Start of Listed entries

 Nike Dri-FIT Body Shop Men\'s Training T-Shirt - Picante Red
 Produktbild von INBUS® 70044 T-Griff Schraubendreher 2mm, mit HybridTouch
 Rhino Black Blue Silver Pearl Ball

End of Listed entries
Start of Listed entries

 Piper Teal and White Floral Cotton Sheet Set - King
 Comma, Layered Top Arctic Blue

End of Listed entries
Start of Listed entries

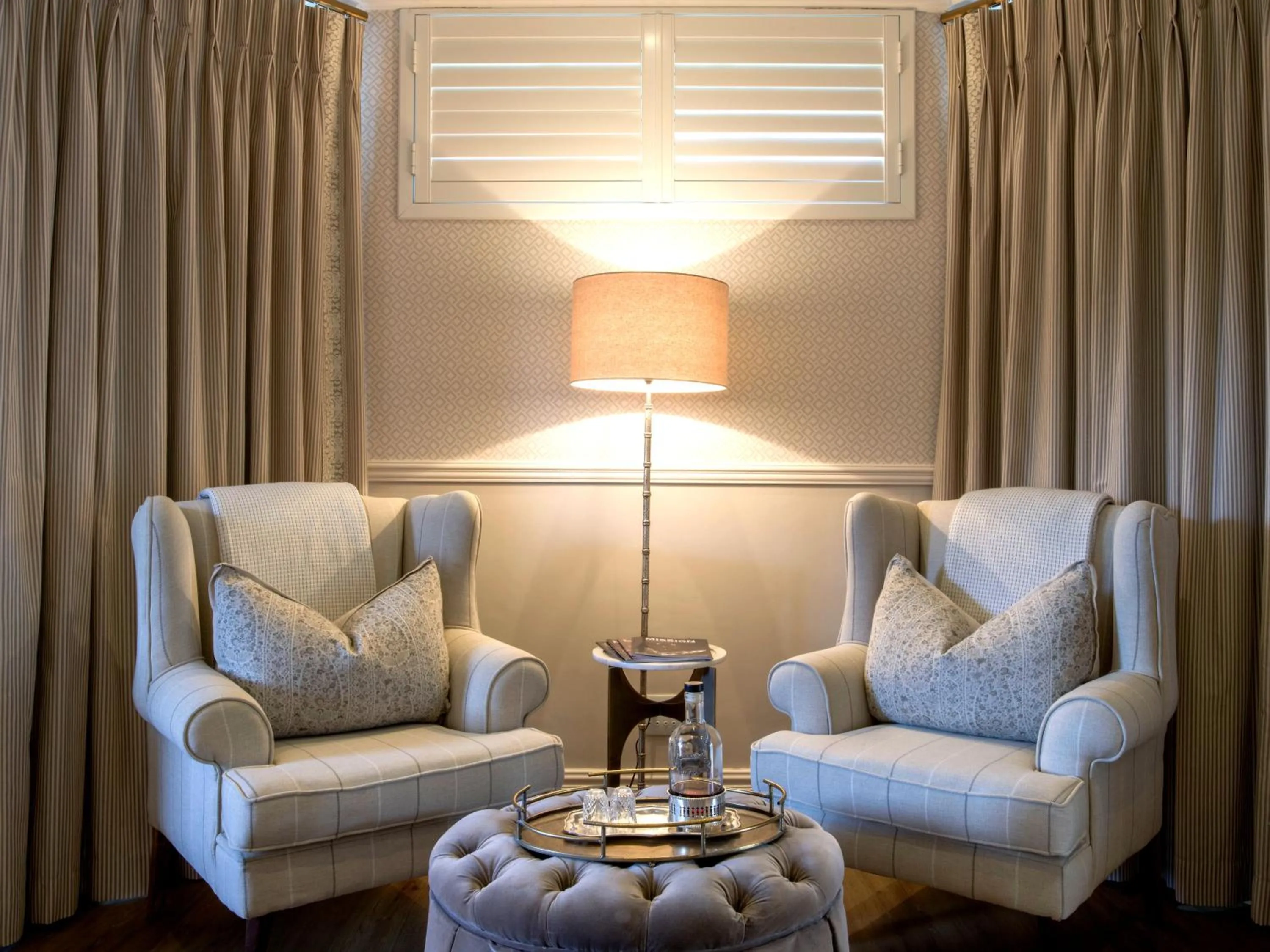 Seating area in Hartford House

End of Listed entries

▶ Problem description: Tally the lines of the material that contain the word "Blue" and say the number, nothing more.

▶ Solved exercise: 2